(1)SYNTHESIS AND CHARACTERIZATION OF ZINC SILICATE PRODUCED BY WET CHEMICAL METHOD E

SYNTHESIS AND CHARACTERIZATION OF ZINC SILICATE PRODUCED BY WET CHEMICAL METHOD

E. A. Ghapur^1,3, K. A. Matori^1,2, M.H.M. Zaid², A. A. Sidek² and E. B. Saion^2,

1Materials Synthesis and Characterization Laboratoty (MSCL), Advanced Technology Institute (ITMA), Universiti Putra Malaysia,

43400 Serdang, Selangor, Malaysia.

2Department of Physics, Faculty of Science, Universiti Putra Malaysia, 43400 Serdang, Selangor, Malaysia.

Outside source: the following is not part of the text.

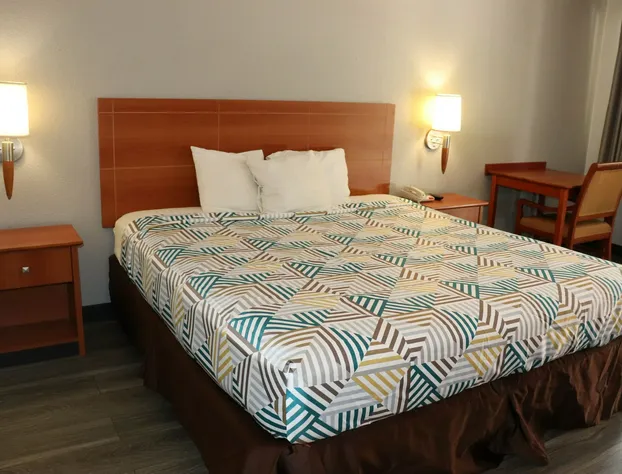 Motel 6 Alvin, TX hotel detail image 3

3School of Fundamental Sciences, Universiti Malaysia Terengganu, 21030 Kuala Terengganu, Terengganu, Malaysia.

Corresponding author: engku_ghapur@umt.edu.my ABSTRACT

In this study, zinc silicate was prepared by encapsulated silica powder, prepared from sodium silicate, with zinc nitrate hexahydrate in water. The obtained silica powder with average particle size of about 212.247 nm was mixed with zinc nitrate and the mixture of dried powder was subject to heat treatment at 600^oC and 800^oC. At 800^oC, the XRD results showed the formation of zinc silicate phase. It was driven from the large surface area of silica powder that provide metastable state at a temperature lower than conventional solid state process. Although the zinc silicate phase was formed for the mixed ratio of Zn:Si at 2:1, ZnO and SiO2 phases was not fully transform to α-Zn2SiO4

at 800^oC since ZnO phase still can be observed. The PL spectrum exhibited blue and broad green emission peak due to the forming of oxygen-related centre on nano- structured silica and existing of both zinc oxide and zinc silicate phases.

Keywords: Zinc silicate; Willemite; Photoluminescence;

INTRODUCTION

Zinc silicate (Zn₂SiO₄) is a natural material and is known by its mineral name, willemite. The used of the doped zinc silicate as a phosphor in lightings and displays such as flourescent and neon lamps, televisions, osciloscope and many other applications indicates that it is one of the important industrial material [1,2]. It has a promising future in advanced materials as a highly versatile luminescent material due to the wide range of multi-colors that can be obtained from various guest ions. The continuous improvement is still needed to increase the material efficiency. Zinc silicate is produced through conventional solid state reaction at high temperature and long processing time. It involves crushing, grinding, ball milling and sintering of source

material at very high temperature [3]. There are also other methods introduced by researchers in order to reduce the energy consumption during materials production and increases the properties of materials. Apart from chemical composition and crystal structure, size and dimensionality are now regarded as particularly important factors influencing the material properties [4]. The new methods that have been proposed such as sol-gel method [5], hydrothermal method [6] and polymer precursor method [7].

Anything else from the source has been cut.